According to Capgemini’s World Wealth Report 2025, a staggering  $83.5 trillion is expected to be transferred to the next generation by 2048. Of that, 44% (more than $36 trillion) will be going to millennials, 47% to women, and 25% of the transfers occurring within EMEA. Alarmingly, 80% of inheritors plan to switch providers within two years of receiving their inheritance.

This wealth transfer brings both opportunity and challenge. Younger clients demand digital-first experiences, yet wealth management remains anchored in trust and human relationships.

Trust and technology, not a binary choice

As Bill Gates famously said, “We always overestimate what will occur in the next two years and underestimate what will occur in the next ten.”

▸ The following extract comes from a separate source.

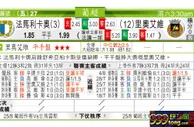 东方拆局(葡超)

That insight is crucial today. AI can enhance speed and personalization, but it should not replace the empathy and nuance of face-to-face advice. Tools should intensify relationships, not erode them.

Where AI works best

We are already seeing compelling use cases:

  • Automated credit memo workflows: A leading Egyptian bank is using GenAI to draft credit memos for corporate and midsize lending, dramatically reducing manual effort and accelerating loan processing. With solutions such as Temenos’ AI-powered document orchestration, wealth managers can adopt similar intelligent automation while retaining full compliance oversight and auditability.
  • End-to-end risk value chain support: A South African retail bank has deployed GenAI across risk identification, document vetting, decision-making, and ongoing monitoring to meet regulatory deadlines more accurately and efficiently. Temenos provides explainable AI capabilities that support real-time risk analytics embedded within its core banking platform, helping banks manage regulatory complexity more confidently.
  • Real-time anomaly detection for financial crime – Several pan-African banks are already leveraging GenAI to detect suspicious patterns and automate compliance reports, helping them mitigate fraud and AML threats swiftly. Temenos GenAI enables financial crime mitigation with AI-powered alert summarisation, prioritisation, and transparent audit trails.

These enhancements showcase real-world impact. They also highlight how Temenos aligns with and augments these AI-driven finance capabilities, reinforcing both credibility and brand leadership.

But regardless of where AI is applied, its success ultimately depends on how it is measured.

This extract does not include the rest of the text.